What to do:
Can the lines below, from the one that holds "A patient doing" to the very end, be echoed exactly, with both ends included and no pictures?

(Pictures with short captions)
☆ ☆ ☆ ☆

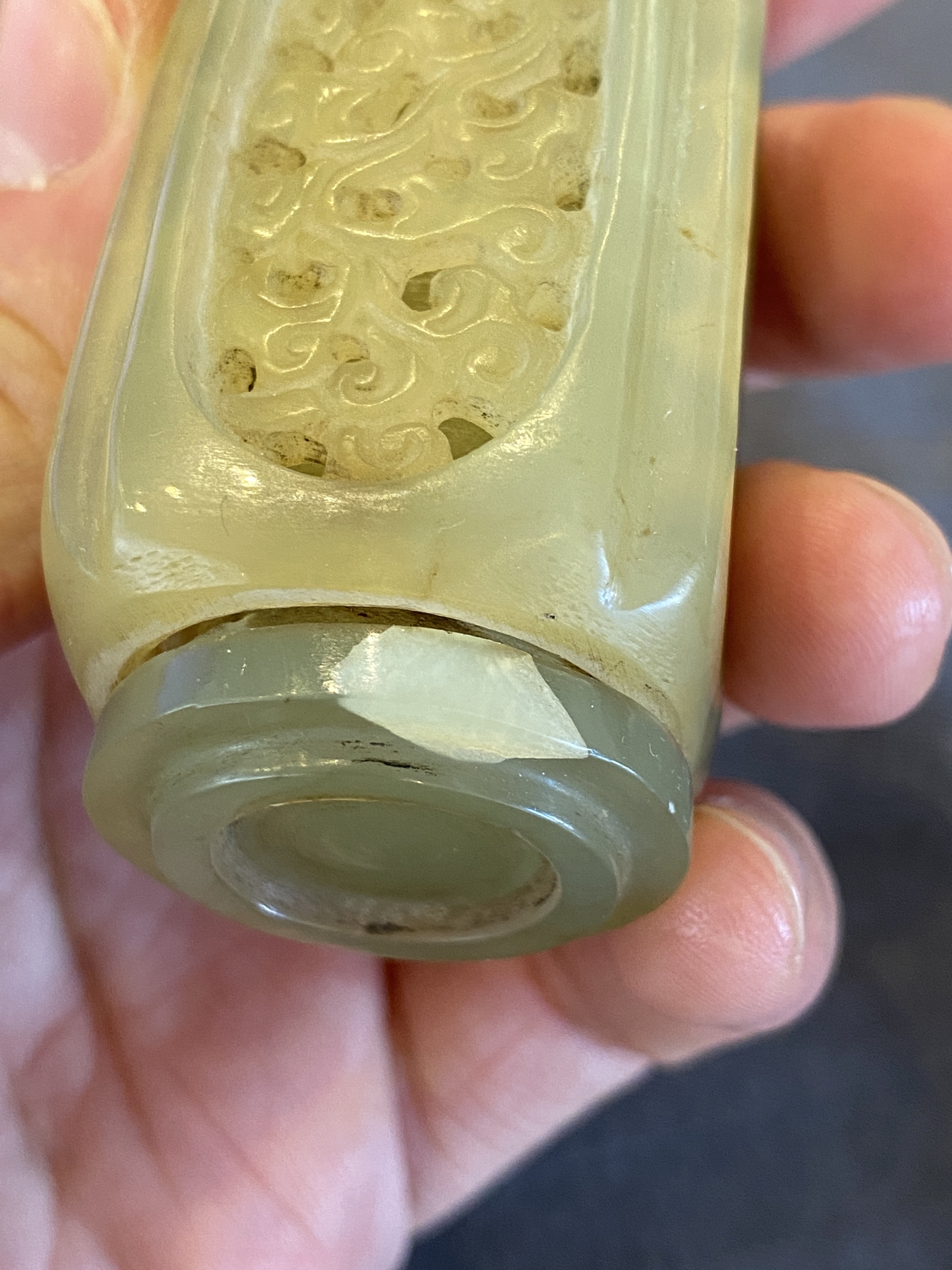 A Chinese reticulated and movable celadon jade snuff bottle, Qing - Image 11 of 11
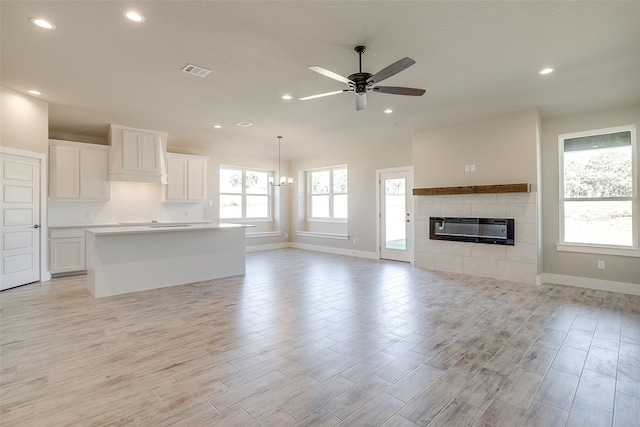 unfurnished living room with a tile fireplace, a healthy amount of sunlight, and light hardwood / wood-style flooring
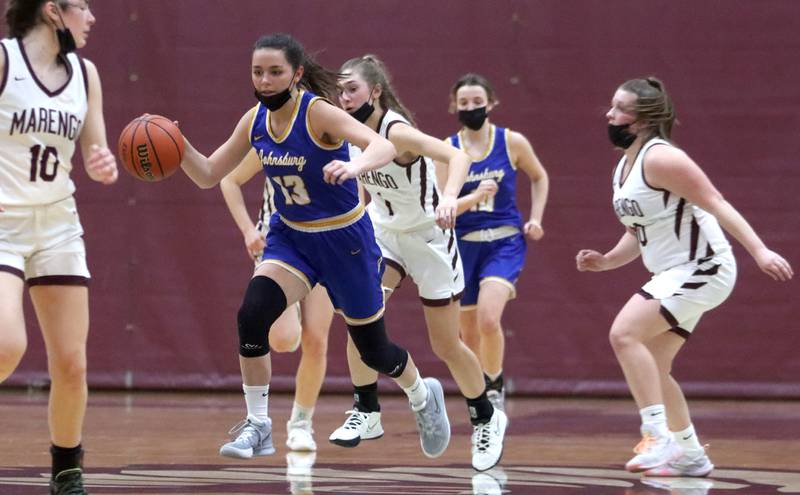 Johnsburg’s Macy Madsen leads a break down the court during girls varsity basketball action in Marengo Thursday night.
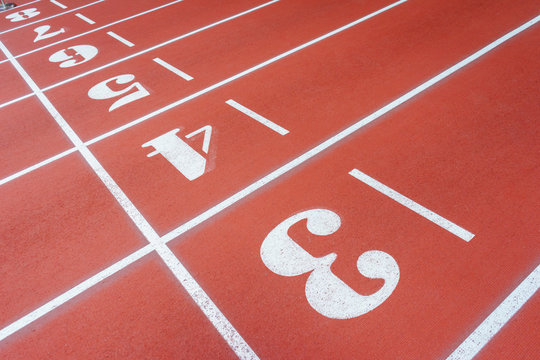 Red treadmill of special materials in the stadium with numbers starting position. Finishing or  section  the running track  numbered lanes.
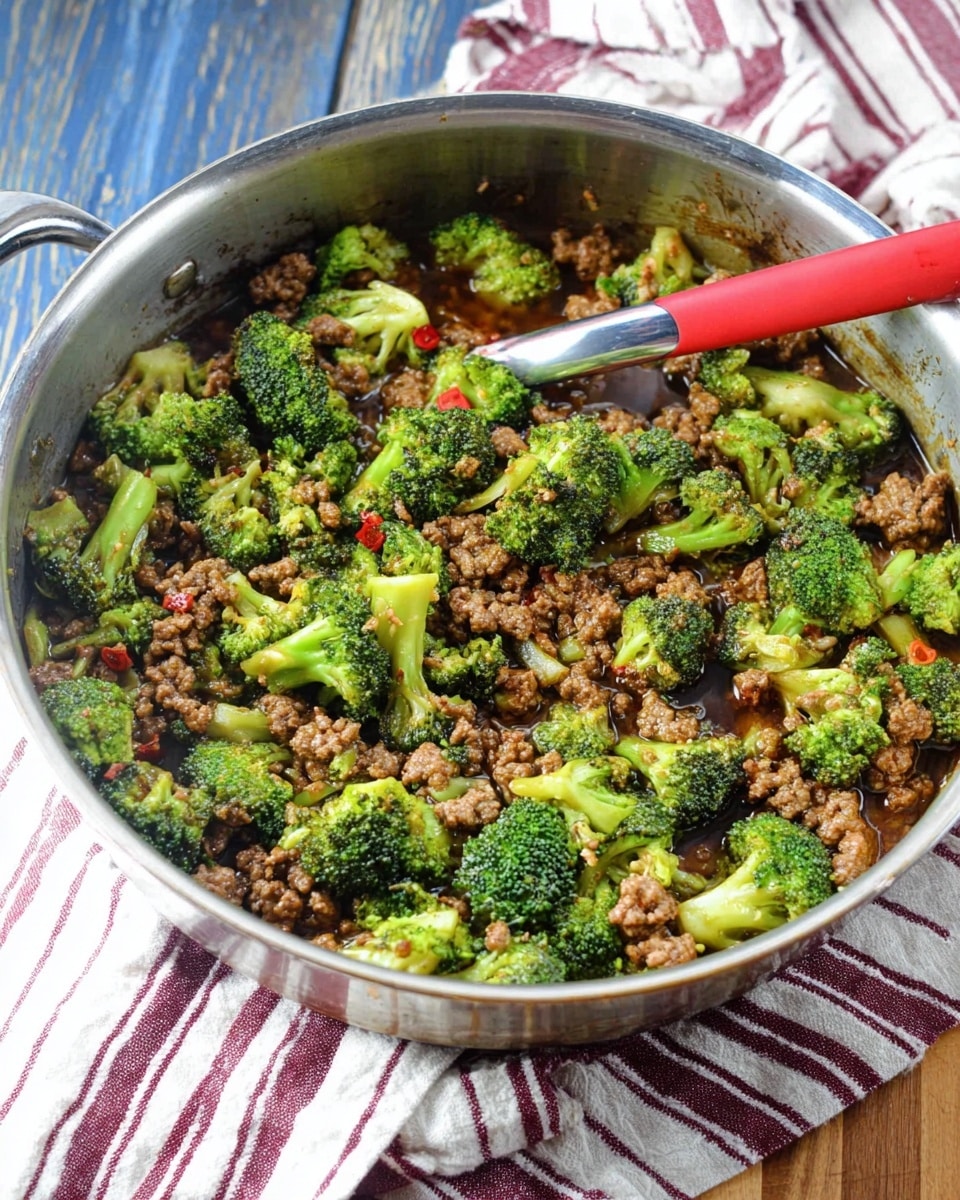 A silver cooking pan filled with a mix of small green broccoli florets and brown cooked ground meat in a shiny brown sauce, with some red specks scattered throughout. A red spoon with a silver handle rests inside the pan, positioned horizontally across the top. The pan is placed on a wooden surface covered partially by a cloth with white and dark red stripes. The background shows a blue wooden texture. Photo taken with an iphone --ar 4:5 --v 7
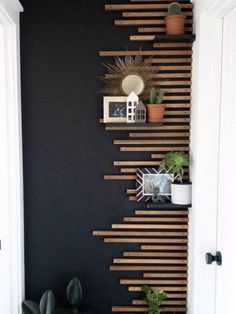 a black wall with wooden slats on it and some potted plants in the corner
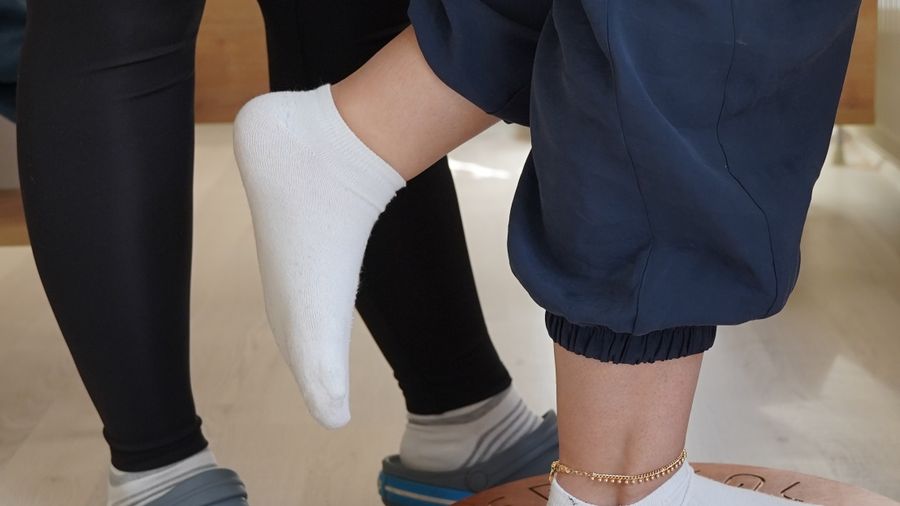 A patient doing balance board work during a rehabilitation session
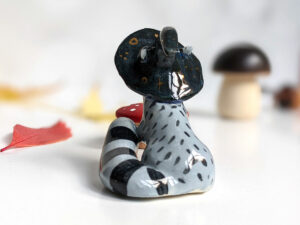 raccoon witch porcelain figurine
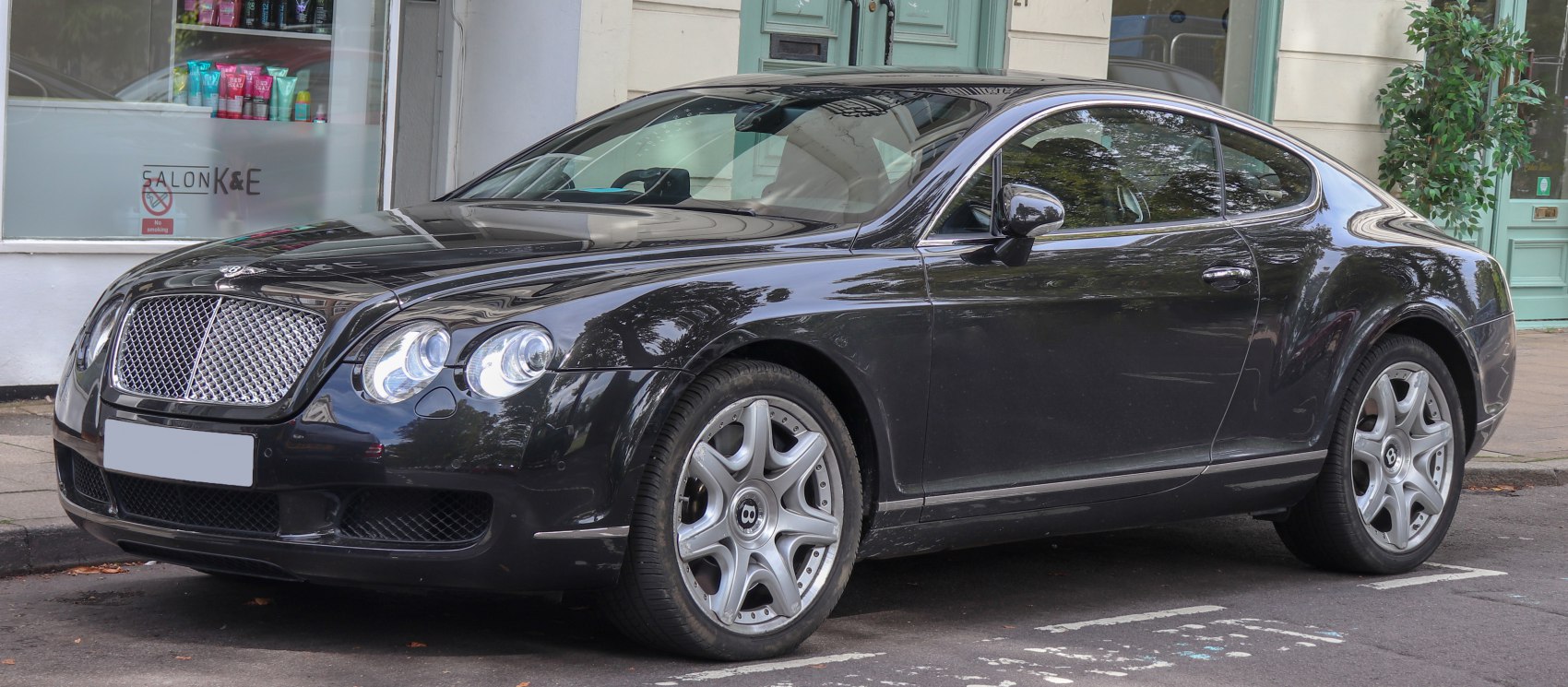 Luxury coupe with round headlights and alloy wheels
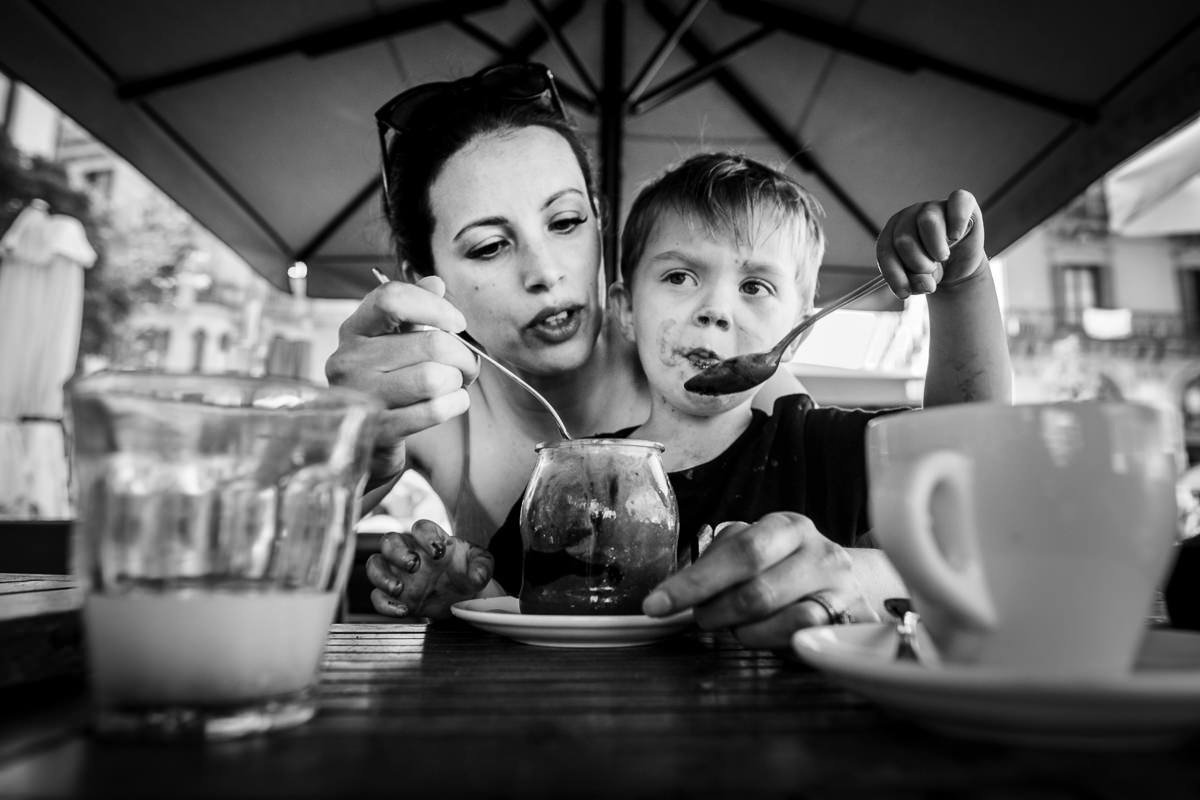 Mother and son eat chocolate dessert on family holiday in Barcelona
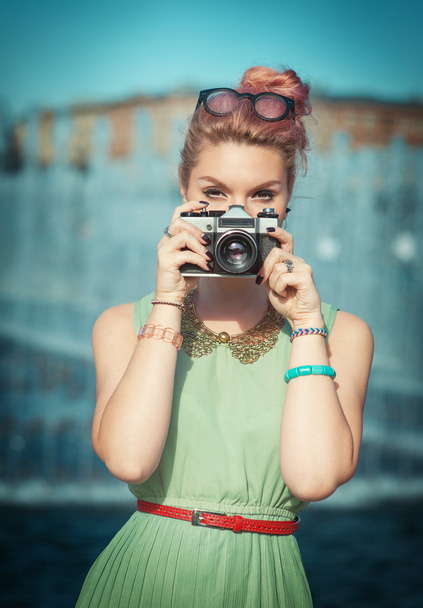 Hermosa chica en ropa vintage haciendo foto con cámara retro
 - Foto, imagen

☆ ☆ ☆ ☆

Exercise answer:
 A patient doing balance board work during a rehabilitation session
 raccoon witch porcelain figurine
 Luxury coupe with round headlights and alloy wheels
 Mother and son eat chocolate dessert on family holiday in Barcelona
 Hermosa chica en ropa vintage haciendo foto con cámara retro
 - Foto, imagen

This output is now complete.